Mechanically assisted retractable nested-panel vehicle structure with drainage and moisture abatement strategies

Abstract

A shelter has a rear stationary portion and a front retractable door, both on a base. The retractable door comprises nesting arcuate-roofed panels that cooperate to form an enclosing dome-like structure when closed. Moisture drainage and abatement strategies assist in keeping the shelter usable for long periods in exposed environments. Mechanical spring-biased assistance aids in both opening and closing the nested panels, resulting in a shelter that is easy to deploy and suitable for long term use.

Description

CROSS-REFERENCE TO RELATED APPLICATION

This application claims the benefit of U.S. Provisional Patent App. No. 63/203,915, filed Aug. 4, 2021, the entirety of which is hereby incorporated by reference.

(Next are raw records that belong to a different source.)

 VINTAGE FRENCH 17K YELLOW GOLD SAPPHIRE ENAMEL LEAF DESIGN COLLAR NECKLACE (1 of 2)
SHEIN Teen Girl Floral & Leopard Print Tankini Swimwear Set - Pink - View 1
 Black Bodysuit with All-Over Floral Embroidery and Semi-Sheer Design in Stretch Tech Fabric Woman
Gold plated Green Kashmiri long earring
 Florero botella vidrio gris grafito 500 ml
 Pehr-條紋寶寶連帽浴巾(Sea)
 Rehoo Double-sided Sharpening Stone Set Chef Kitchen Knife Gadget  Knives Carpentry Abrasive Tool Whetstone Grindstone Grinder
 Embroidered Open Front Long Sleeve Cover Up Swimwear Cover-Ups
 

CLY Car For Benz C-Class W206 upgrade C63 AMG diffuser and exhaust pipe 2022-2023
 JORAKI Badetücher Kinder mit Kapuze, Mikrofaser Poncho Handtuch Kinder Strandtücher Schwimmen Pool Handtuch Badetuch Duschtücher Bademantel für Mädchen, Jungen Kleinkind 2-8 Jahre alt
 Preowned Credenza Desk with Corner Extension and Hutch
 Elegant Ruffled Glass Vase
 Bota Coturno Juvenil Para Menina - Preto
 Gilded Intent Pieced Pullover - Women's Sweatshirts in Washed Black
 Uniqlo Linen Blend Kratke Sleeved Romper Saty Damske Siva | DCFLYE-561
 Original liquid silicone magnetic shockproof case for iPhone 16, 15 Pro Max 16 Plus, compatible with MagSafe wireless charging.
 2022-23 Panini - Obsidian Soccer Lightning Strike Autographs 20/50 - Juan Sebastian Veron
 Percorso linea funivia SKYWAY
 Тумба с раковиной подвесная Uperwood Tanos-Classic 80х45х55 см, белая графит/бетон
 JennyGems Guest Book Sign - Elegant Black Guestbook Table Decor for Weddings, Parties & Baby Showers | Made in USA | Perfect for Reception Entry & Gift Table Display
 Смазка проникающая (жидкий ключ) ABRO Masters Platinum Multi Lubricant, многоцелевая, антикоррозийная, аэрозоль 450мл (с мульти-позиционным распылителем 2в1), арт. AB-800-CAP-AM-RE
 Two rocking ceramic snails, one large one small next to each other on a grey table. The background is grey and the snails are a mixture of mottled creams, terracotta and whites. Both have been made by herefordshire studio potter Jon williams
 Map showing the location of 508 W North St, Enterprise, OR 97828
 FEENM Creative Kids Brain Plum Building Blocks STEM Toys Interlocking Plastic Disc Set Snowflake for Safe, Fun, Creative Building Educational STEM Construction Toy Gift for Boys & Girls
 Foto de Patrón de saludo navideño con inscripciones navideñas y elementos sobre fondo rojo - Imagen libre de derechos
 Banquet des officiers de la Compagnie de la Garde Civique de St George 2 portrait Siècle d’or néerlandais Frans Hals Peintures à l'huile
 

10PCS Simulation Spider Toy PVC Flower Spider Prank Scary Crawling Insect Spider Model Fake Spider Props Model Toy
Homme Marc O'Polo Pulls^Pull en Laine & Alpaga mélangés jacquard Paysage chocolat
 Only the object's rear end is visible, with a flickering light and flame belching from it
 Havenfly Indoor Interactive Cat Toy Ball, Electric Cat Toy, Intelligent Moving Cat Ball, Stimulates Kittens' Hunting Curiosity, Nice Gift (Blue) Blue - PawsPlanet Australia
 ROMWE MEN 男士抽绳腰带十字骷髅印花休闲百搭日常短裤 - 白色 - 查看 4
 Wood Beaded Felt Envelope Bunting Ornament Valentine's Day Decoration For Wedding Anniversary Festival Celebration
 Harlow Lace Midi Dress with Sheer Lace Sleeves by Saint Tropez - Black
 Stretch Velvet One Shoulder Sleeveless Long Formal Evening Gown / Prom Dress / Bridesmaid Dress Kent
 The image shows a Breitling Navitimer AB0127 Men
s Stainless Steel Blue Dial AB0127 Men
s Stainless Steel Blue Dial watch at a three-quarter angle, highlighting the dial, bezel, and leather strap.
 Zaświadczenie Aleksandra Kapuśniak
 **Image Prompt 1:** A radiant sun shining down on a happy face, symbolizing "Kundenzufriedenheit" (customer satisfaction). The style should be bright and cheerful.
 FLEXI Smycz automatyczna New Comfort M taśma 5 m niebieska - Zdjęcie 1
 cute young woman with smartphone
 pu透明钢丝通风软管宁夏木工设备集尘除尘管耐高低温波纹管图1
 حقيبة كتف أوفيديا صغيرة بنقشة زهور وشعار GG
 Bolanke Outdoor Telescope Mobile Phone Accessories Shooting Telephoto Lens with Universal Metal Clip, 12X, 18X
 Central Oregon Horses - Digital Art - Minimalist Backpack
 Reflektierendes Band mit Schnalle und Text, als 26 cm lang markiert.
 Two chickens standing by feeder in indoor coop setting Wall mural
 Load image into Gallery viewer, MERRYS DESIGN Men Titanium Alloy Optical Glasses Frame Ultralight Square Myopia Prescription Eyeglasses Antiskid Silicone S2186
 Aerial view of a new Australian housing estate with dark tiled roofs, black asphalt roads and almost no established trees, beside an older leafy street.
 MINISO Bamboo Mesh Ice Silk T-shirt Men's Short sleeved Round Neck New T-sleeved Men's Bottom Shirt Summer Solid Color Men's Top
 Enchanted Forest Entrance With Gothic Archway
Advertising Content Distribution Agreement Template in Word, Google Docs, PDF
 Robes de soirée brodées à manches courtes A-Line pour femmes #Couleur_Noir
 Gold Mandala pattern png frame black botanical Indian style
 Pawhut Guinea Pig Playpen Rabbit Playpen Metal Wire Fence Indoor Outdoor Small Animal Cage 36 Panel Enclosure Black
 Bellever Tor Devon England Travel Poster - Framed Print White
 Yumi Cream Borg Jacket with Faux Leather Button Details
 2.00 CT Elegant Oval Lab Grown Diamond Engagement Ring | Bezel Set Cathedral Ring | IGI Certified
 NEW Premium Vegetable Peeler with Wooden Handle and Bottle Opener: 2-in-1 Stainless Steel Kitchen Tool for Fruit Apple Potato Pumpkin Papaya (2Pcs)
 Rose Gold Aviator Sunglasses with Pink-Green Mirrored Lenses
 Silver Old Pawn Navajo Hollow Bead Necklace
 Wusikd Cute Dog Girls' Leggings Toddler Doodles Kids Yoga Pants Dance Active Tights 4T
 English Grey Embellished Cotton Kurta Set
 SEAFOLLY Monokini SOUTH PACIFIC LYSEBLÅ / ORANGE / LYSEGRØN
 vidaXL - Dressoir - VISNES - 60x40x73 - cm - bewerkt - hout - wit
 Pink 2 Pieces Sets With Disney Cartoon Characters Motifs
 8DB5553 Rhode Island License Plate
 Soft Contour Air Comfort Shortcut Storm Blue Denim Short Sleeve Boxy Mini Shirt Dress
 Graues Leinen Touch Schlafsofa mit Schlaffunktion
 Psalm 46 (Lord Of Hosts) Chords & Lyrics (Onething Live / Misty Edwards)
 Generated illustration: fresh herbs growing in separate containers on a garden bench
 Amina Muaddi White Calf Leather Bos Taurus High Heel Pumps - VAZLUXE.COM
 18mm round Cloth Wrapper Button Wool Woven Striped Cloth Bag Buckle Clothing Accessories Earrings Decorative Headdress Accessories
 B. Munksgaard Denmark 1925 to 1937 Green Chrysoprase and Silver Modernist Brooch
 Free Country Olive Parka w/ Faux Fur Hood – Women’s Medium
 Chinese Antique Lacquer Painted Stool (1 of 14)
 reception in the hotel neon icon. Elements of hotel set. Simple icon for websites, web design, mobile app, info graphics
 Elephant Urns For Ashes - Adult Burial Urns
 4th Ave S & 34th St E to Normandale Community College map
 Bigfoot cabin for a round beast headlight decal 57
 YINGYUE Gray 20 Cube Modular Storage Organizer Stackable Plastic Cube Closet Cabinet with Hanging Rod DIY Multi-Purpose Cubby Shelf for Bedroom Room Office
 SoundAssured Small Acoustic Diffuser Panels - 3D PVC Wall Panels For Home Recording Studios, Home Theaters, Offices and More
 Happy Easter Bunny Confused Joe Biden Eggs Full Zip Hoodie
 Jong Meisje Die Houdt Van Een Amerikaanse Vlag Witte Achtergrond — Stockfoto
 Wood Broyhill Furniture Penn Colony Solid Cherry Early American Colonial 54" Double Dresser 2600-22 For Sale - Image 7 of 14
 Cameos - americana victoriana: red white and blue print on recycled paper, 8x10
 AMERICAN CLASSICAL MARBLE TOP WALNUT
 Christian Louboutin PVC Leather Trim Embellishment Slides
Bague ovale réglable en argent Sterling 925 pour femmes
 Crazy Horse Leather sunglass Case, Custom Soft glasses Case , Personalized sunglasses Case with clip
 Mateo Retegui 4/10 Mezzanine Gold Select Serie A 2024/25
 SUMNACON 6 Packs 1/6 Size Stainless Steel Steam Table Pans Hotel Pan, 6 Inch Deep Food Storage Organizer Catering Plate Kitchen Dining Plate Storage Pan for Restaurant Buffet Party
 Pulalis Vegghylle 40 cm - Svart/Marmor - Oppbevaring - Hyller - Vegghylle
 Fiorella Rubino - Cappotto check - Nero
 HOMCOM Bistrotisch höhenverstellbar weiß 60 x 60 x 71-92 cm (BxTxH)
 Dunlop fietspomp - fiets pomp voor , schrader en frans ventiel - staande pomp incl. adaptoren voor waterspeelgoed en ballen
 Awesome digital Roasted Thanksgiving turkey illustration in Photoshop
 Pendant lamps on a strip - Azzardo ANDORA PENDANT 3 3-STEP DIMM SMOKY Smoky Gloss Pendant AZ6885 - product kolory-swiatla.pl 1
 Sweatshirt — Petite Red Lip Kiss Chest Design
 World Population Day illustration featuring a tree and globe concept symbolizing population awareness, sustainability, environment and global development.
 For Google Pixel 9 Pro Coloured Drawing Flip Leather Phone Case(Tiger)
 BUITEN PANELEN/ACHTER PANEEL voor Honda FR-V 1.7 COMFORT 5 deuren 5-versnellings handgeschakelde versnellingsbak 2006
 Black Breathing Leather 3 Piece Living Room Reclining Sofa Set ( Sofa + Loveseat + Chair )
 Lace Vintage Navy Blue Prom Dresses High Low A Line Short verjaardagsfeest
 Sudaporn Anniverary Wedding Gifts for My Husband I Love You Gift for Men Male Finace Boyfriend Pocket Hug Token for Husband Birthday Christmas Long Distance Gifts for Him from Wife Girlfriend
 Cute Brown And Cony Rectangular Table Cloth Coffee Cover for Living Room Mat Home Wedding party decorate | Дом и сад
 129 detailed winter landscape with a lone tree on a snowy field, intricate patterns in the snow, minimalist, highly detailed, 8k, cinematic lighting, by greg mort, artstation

BACKGROUND OF THE INVENTION

Retractable shells with panel segments for covering vehicles are known. For example, U.S. Published Appl. No. 2019/0106902 discloses an automatically retractable vehicle cover. The collapsible cover is rotatably connected to a mounting bracket by powered shafts. The mechanism may be actuated to automatically retract and deploy, for example with a remote control and powered motors. Rotating panels provide a semi-circular shape in the closed position. This published application does not disclose any technique or system to aid in manual retraction or deployment. U.S. Pat. No. 5,740,828 discloses a collapsible dome structure for use as a shelter. Sections nest within each other when collapsed. A gasket helps seal the unit from ambient moisture. This patent also does not disclose any technique or system to aid in manual retraction or deployment.

What is needed is a manually deployable and retractable nesting paneled shelter that has provision for aiding manual deployment and retraction. What is further needed is a shelter with moisture abatement strategies more sophisticated than a mere gasket. What is also needed is a shelter that contains spacing strategies allowing for auxiliary storage outside a main storage area.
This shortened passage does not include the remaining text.